The initiator protein of replication, DnaA, self-oligomerizes in the presence of ATP at the replication origin (OriC) (Xu and Dixon, 2018). This facilitates the formation of a DNA bubble, enabling the loading of helicases and recruitment of the DNA polymerase III complex (Reyes-Lamothe et al., 2010). First, the DnaBC complex, comprising 12 subunits, inhibits the unwinding of the double-stranded DNA. The later binding of DnaG primase to DnaB promotes dissociation from DnaC, resulting in DNA unwinding (Reyes-Lamothe et al., 2010). Experimentally solved structures of the DnaBC complex are available (6KZA), but data on oligomeric DnaA or DnaBG interactions is limited, as they can vary depending on bacterial species, cell cycle stage, and ATP/ADP presence (Reyes-Lamothe et al., 2010; Xu and Dixon, 2018). Previous studies have suggested that high concentrations of ATP-DnaA are required to adopt a helical filament-like structure to fully engage oriC. In our AF2 model, which describes tetrameric DnaA, the monomers are arranged in a bent filament, with the domain III of the monomers interacting in a head-to-tail manner and the domain IV facing the DNA (Figure 9—figure supplement 1; Xu and Dixon, 2018; Katayama et al., 2017). Unfortunately, we were unable to obtain larger oligomers or highly reliable interactions involving DnaG bound to DnaBC. One possible explanation for this is that the presence of a DNA molecule or accessory proteins, such as DiaA, are required in such cases.

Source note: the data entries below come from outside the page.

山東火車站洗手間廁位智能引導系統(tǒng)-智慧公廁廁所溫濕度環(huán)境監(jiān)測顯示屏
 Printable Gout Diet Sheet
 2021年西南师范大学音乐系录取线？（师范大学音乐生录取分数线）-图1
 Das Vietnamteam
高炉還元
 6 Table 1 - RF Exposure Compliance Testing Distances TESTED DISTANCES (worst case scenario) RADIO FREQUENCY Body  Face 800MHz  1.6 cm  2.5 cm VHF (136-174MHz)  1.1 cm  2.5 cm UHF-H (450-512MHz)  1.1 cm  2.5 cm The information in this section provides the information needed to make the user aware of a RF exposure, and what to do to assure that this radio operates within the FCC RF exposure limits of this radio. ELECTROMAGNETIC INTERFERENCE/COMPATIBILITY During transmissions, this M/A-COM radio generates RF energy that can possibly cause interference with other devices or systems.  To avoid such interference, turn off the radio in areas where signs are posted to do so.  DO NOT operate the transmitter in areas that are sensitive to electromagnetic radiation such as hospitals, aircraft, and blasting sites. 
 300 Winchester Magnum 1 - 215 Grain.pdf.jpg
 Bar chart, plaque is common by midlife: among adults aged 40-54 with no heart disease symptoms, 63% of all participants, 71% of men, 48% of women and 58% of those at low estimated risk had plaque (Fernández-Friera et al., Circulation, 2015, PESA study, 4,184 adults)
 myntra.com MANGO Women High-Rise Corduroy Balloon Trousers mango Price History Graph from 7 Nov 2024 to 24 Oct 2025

DNA elongation is facilitated by the DNA polymerase III holoenzyme, which is a complex composed of three sub-complexes: the αεθ polymerase core, the β2 sliding clamp, and the δτηγ3-ηδ'ψχ clamp loader (Reyes-Lamothe and Sherratt, 2019). Detailed structural insights into these subassemblies have been obtained through cryo-EM studies, shedding light on their underlying mechanisms. However, modeling these large and dynamic complexes is challenging, especially in the absence of DNA molecules. Despite these inherent limitations, we identified an intriguing unresolved complex involving the interaction between the sliding clamp DnaN and DNA polymerase I (Figure 9a). The existence of this interaction suggests that DnaN may serve as a recruiter for DNA polymerase I at the replication fork, facilitating its attachment to the DNA. This finding highlights the crucial role of DnaN in coordinating the activities of multiple polymerases at the replication fork, thereby ensuring the efficiency and accuracy of DNA synthesis (Reyes-Lamothe et al., 2010).

Figure 9 with 1 supplement see all
Complexes involved in DNA replication and synthesis.

(a) Predicted interface between DNA polymerase I (PolA) and DnaN2. (b) Models of GyrAB and GyrA-FolP (top). Close-up view of the GyrA-FolP interface and comparison with the crystal structure of FolP (bottom;1AJ0). The notable difference between the two structures is the loop region spanning residues 22–36, indicated in yellow/blue. (c) Predicted binary complexes DnaBI and DnaBC. The DnaBC predicted model is aligned to the solved crystal structure 6KZA (Figure 2—figure supplement 1). (d) Close-up view of the AlphaFold2 (AF2) predicted interface between NrdE and NrdF, highlighting important aromatic residues and cysteines involved in nucleotide reduction. Uniprot codes used for AF2: DnaB (DnaBI): A0A062WMW9, DnaB (DnaBC): P0ACB0, DnaC: P0AEF0, DnaI: Q8CWP7, DnaN: P0A988, GyrA: P0AES4, GyrB: P0AES6, FolP: P0AC13, NrdE: A0A0B7LYQ0, NrdF: A0A062WM39.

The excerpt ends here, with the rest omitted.